Paris may be one of the most attractive cities in France to live in, but the French capital along with its surrounding region of Ile-de-France is also one of the most unequal.
Indeed, while the region of 12 million people may boast 31 percent of France's total GDP, a full 15 percent its residents survive on less that €990 ($1,130) a month – and half of these people have less than €750.
The figures come courtesy of French charity the Secours Catholique, which released a study on Monday taking a closer look at the levels of poverty and inequality across the Ile-de-France's eight départements and over 1,200 municipalities.
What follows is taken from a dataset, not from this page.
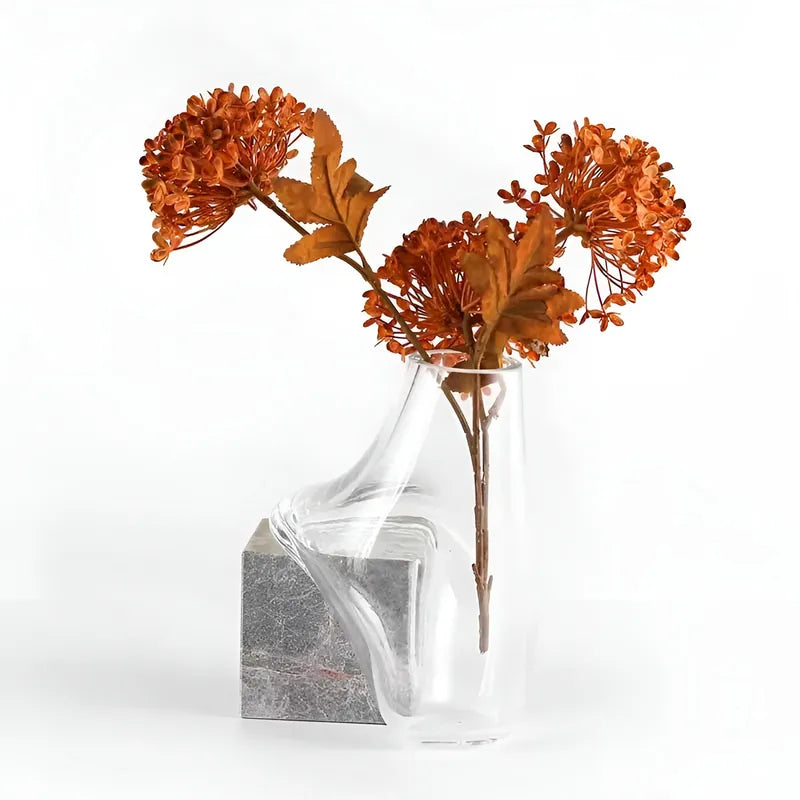 Vase Transparent Effet Fondu sur Cube en Marbre, présentation avec fleurs séchées sur fond blanc.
And the results were grim, particularly in the poorest part of the Greater Paris region, Seine-Saint-Denis to the north of the city centre, where poverty levels continue to worsen.
“We have to put out an alarm call,” the charity's president Hervé Du Souich told Le Parisien newspaper. “How long can we let it go on like this?”
The charity noted that in Seine-Saint-Denis in 2002, the average income was 72 percent of the median income in the Paris region.
Ten years later, in 2012, the average income had dropped to 68 percent of the median in the region.
The study also noted that between 2004 and 2012, the proportion of poor households in the area had grown twice as fast as the rate across metropolitan France.
To put it in perspective, Seine-Saint-Denis is home to 22 of the 50 poorest municipalities in the Paris region with over 11,000 residents. But in total, the département only has 36 of the 273 municipalities with over 11,000 people.
“If we don't act, these areas with high poverty – which are also hit by high unemployment – are going to continue to get worse in the coming years,” Du Souich said.
“We need a stronger showing of solidarity from all the municipalities and a geographical plan to rebalance the social fabric.”
To make matters worse, Seine-Saint-Denis is seeing more than its fair share of emergency housing shelters compared to other parts of the Paris region, meaning that while a short term problem may be fixed, the shelters are only adding more poverty to the département in the long term.
The study also noted that those living in the the richest département of Ile-de-France, Hauts-de-Seine, which covers the western inner suburbs of the city, live an average of two years longer than those in the poorest area, Seine-Saint-Denis.
It also found that those living in the top ten percent in terms of household worth were, on average, five times better off than those in the bottom ten percent.
The study called for a “rebalancing of territories” with a goal of promoting social diversity.
“We can't go on forming these islands of poverty, leaving some on the fringes of society looking in.”